> [Assignment] Write out, word for word, every line in the data below from the one containing "Как сделать перегородку" to the one containing "230 Ambrea St", both of them included.

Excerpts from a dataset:
______________________________

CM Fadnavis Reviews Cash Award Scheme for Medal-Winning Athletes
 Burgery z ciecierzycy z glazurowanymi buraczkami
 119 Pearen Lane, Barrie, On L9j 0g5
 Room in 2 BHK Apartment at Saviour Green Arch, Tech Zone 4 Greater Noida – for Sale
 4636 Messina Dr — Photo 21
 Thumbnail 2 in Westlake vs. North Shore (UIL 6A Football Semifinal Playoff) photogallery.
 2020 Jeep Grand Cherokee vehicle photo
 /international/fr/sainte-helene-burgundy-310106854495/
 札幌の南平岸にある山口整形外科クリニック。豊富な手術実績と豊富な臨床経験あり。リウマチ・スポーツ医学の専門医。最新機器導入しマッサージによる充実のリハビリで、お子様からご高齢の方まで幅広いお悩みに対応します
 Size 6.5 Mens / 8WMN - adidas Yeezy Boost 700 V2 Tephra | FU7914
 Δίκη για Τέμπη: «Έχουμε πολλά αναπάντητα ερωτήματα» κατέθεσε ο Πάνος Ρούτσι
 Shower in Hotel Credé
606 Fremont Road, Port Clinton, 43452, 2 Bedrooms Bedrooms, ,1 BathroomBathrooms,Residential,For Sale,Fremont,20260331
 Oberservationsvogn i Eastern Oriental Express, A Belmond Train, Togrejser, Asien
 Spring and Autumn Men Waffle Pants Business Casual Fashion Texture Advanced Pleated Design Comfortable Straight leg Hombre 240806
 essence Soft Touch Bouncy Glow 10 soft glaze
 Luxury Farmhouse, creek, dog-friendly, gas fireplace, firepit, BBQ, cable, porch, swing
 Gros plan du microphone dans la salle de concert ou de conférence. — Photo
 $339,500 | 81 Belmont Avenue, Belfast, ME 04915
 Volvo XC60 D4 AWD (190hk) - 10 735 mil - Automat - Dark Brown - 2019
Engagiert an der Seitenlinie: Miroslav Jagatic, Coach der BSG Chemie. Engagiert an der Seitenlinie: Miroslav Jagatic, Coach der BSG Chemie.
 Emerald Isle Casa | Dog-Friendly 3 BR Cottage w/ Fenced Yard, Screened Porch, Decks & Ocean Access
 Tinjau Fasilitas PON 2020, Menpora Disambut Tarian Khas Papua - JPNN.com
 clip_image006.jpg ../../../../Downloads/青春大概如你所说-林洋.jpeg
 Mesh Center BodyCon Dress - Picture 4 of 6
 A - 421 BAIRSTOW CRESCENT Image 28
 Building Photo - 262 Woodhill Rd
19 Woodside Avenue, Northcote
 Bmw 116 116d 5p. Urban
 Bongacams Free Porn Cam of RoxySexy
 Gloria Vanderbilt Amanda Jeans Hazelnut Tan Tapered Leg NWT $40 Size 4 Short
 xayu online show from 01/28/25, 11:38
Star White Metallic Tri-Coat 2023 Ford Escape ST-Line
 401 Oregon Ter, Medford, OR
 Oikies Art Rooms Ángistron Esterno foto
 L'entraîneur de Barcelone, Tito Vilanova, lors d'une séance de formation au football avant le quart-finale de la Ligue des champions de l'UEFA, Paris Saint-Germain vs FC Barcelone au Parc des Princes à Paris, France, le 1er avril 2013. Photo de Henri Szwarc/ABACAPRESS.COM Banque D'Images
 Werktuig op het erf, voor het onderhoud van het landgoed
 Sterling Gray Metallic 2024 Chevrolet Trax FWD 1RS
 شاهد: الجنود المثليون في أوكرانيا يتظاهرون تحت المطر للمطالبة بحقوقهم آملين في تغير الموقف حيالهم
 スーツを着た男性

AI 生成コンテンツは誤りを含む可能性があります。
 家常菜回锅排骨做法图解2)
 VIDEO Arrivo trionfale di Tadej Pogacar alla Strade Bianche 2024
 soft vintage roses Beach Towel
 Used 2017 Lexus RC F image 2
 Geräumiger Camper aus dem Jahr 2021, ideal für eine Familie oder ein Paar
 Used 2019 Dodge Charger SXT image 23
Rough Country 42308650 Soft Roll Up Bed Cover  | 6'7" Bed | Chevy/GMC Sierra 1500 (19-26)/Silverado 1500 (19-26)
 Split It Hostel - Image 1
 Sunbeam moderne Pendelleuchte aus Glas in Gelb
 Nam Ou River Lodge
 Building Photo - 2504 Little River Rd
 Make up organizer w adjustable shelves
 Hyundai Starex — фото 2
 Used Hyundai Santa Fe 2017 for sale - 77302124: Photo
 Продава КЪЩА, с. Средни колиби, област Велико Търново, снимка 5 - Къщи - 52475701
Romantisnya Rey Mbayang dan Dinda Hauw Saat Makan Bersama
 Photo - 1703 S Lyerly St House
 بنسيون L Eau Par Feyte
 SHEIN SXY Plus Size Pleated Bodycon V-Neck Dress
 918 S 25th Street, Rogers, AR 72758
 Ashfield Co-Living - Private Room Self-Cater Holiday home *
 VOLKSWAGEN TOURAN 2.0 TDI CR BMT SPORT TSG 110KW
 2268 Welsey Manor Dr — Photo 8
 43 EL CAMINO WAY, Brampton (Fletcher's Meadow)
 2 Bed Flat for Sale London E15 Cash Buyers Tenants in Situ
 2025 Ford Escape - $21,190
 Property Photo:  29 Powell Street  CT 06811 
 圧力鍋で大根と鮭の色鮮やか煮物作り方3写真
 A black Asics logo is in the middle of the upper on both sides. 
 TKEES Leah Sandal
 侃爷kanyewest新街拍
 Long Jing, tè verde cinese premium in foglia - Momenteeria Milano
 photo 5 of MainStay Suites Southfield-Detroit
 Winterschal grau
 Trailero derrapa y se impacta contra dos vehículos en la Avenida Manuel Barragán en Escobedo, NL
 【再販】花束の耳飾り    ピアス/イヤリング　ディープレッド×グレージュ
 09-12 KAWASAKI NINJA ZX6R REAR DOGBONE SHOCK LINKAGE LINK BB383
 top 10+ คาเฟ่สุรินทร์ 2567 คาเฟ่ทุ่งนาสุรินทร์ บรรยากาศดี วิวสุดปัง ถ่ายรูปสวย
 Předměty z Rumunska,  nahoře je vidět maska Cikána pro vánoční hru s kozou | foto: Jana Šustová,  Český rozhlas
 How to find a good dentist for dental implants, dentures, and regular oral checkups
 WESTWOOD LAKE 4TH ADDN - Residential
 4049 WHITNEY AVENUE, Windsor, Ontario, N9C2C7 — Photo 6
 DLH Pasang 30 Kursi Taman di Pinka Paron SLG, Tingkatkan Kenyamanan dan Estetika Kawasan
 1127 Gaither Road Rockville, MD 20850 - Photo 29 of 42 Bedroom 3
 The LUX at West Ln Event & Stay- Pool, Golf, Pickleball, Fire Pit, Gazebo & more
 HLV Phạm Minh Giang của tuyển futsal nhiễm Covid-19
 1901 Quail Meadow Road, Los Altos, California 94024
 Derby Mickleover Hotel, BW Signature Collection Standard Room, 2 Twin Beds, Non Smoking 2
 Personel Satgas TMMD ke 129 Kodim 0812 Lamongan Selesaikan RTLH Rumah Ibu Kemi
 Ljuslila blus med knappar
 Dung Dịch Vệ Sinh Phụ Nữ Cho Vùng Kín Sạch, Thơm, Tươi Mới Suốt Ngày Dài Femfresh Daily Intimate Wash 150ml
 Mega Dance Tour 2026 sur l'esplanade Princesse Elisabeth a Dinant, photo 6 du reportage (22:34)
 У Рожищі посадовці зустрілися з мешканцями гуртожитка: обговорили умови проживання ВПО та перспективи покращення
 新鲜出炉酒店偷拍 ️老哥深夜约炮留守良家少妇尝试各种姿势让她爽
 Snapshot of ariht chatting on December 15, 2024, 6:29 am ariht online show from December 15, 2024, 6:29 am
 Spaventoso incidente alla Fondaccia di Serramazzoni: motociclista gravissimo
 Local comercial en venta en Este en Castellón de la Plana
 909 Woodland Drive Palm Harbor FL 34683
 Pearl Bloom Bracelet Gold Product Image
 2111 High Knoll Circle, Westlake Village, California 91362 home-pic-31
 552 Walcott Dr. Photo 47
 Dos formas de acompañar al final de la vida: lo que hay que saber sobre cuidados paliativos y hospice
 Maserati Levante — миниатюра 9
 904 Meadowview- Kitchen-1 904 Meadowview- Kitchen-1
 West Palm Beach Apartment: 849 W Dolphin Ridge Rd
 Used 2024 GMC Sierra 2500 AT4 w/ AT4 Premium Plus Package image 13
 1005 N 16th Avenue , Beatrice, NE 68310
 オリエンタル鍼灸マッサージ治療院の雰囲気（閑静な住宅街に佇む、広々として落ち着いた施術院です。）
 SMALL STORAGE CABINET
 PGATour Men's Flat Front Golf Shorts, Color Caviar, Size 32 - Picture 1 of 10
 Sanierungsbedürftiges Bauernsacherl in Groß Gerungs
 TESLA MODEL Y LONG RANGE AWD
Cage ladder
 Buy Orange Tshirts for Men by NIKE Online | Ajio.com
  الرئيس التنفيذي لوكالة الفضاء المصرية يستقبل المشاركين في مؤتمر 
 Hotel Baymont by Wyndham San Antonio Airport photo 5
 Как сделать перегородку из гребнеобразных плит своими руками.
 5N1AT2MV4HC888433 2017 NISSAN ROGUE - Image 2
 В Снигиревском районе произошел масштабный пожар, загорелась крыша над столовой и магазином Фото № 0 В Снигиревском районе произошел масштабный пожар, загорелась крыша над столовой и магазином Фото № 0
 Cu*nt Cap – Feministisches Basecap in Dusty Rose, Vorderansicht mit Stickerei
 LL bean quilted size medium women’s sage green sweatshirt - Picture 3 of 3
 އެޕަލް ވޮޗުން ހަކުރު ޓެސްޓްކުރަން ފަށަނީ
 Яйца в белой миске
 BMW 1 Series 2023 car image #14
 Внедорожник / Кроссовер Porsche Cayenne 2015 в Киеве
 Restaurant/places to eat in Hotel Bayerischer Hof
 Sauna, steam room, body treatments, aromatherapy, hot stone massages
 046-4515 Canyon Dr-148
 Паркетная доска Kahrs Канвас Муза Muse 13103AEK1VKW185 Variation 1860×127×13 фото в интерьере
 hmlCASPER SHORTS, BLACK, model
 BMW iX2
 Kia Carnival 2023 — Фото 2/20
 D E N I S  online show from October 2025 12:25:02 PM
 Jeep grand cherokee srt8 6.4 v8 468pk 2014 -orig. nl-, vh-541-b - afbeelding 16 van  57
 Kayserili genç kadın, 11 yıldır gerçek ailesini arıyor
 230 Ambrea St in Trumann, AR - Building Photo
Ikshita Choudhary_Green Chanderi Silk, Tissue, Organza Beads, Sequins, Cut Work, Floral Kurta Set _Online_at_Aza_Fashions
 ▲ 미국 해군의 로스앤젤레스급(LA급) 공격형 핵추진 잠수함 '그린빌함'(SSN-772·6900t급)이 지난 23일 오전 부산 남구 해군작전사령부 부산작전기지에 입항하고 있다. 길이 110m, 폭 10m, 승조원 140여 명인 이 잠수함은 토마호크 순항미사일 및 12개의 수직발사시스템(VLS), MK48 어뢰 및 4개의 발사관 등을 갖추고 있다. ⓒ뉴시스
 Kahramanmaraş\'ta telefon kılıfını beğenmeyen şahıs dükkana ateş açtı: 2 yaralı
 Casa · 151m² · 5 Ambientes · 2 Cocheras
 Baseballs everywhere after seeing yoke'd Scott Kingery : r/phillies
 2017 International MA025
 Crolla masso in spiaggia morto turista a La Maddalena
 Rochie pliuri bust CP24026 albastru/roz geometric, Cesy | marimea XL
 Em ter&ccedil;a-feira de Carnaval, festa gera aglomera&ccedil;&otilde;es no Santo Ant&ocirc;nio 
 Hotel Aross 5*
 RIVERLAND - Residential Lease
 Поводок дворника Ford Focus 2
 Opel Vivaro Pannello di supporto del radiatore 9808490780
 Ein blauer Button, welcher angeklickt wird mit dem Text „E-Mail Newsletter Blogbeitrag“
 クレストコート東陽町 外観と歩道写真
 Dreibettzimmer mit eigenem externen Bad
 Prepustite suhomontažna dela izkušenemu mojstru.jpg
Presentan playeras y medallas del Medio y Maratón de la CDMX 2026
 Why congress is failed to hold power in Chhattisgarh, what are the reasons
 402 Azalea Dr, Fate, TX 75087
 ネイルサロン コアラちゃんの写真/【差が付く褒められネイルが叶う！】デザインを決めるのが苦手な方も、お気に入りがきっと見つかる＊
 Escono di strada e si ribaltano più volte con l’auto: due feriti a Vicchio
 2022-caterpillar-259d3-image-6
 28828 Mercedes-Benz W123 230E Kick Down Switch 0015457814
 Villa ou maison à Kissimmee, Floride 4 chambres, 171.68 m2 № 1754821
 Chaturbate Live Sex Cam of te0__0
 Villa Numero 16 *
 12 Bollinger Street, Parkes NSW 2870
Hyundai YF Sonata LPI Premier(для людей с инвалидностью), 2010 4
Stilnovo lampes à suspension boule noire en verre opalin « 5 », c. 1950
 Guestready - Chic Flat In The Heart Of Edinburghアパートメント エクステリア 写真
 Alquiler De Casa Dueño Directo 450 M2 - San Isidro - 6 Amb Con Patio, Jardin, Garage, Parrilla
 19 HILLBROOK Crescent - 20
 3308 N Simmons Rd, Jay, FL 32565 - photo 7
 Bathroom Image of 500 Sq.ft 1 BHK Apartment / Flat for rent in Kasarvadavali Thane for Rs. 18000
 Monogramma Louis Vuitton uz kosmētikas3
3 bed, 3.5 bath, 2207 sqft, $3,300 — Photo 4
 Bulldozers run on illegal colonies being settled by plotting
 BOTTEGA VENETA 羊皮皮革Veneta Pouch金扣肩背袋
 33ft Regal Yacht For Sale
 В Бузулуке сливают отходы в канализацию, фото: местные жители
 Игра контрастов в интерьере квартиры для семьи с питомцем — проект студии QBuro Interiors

______________________________

> [Result for this task]
 Как сделать перегородку из гребнеобразных плит своими руками.
 5N1AT2MV4HC888433 2017 NISSAN ROGUE - Image 2
 В Снигиревском районе произошел масштабный пожар, загорелась крыша над столовой и магазином Фото № 0 В Снигиревском районе произошел масштабный пожар, загорелась крыша над столовой и магазином Фото № 0
 Cu*nt Cap – Feministisches Basecap in Dusty Rose, Vorderansicht mit Stickerei
 LL bean quilted size medium women’s sage green sweatshirt - Picture 3 of 3
 އެޕަލް ވޮޗުން ހަކުރު ޓެސްޓްކުރަން ފަށަނީ
 Яйца в белой миске
 BMW 1 Series 2023 car image #14
 Внедорожник / Кроссовер Porsche Cayenne 2015 в Киеве
 Restaurant/places to eat in Hotel Bayerischer Hof
 Sauna, steam room, body treatments, aromatherapy, hot stone massages
 046-4515 Canyon Dr-148
 Паркетная доска Kahrs Канвас Муза Muse 13103AEK1VKW185 Variation 1860×127×13 фото в интерьере
 hmlCASPER SHORTS, BLACK, model
 BMW iX2
 Kia Carnival 2023 — Фото 2/20
 D E N I S  online show from October 2025 12:25:02 PM
 Jeep grand cherokee srt8 6.4 v8 468pk 2014 -orig. nl-, vh-541-b - afbeelding 16 van  57
 Kayserili genç kadın, 11 yıldır gerçek ailesini arıyor
 230 Ambrea St in Trumann, AR - Building Photo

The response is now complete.